━━━━━ DATA FOR ANALYSIS

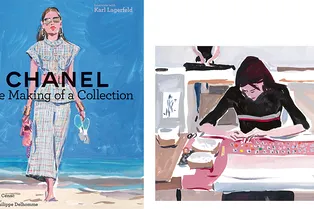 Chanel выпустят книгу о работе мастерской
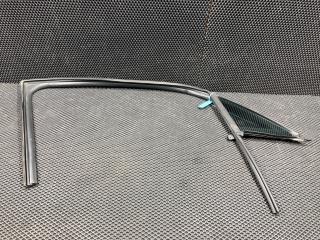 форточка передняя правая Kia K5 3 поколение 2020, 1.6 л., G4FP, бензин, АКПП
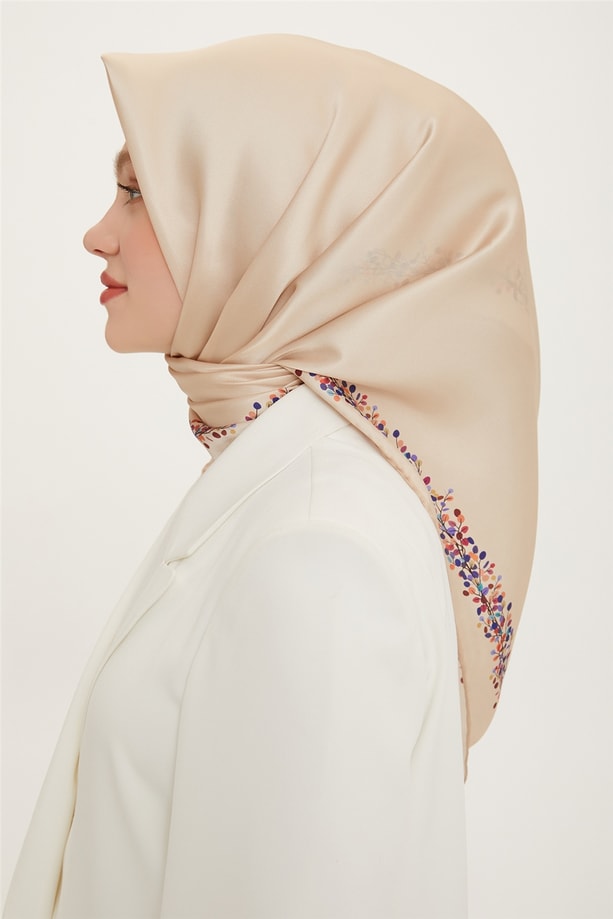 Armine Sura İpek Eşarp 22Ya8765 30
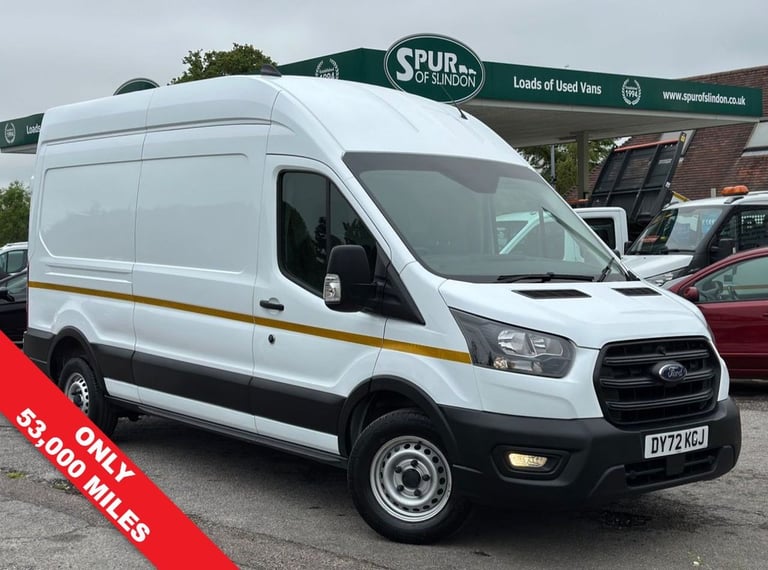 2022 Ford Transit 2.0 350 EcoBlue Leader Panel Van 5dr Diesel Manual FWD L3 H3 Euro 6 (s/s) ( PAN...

━━━━━━━━━━
━━━━━ DATA FOR ANALYSIS

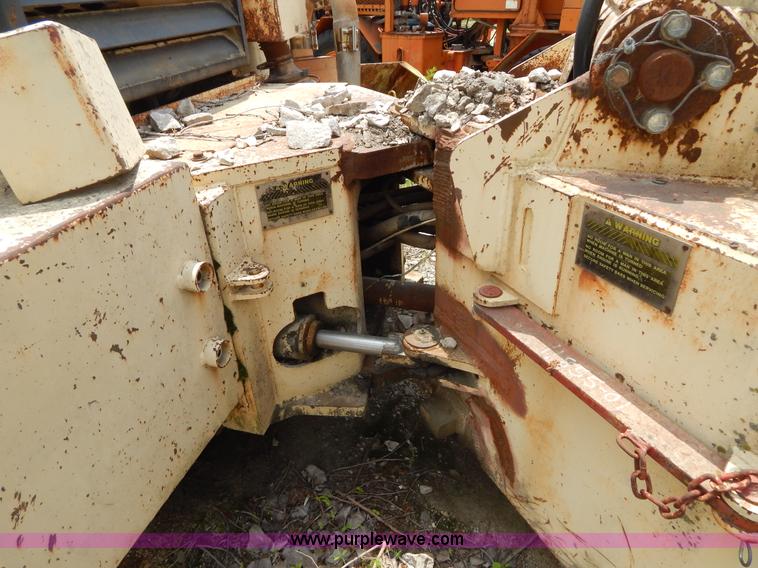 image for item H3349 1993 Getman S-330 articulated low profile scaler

━━━━━━━━━━

#### REQUIRED WORK
Using the records above, return verbatim only the part that opens with the line containing "Chanel выпустят книгу о работе мастерской" and closes with the line containing "2022 Ford Transit"; pictures stay out.

#### TASK OUTPUT
 Chanel выпустят книгу о работе мастерской
 форточка передняя правая Kia K5 3 поколение 2020, 1.6 л., G4FP, бензин, АКПП
 Armine Sura İpek Eşarp 22Ya8765 30
 2022 Ford Transit 2.0 350 EcoBlue Leader Panel Van 5dr Diesel Manual FWD L3 H3 Euro 6 (s/s) ( PAN...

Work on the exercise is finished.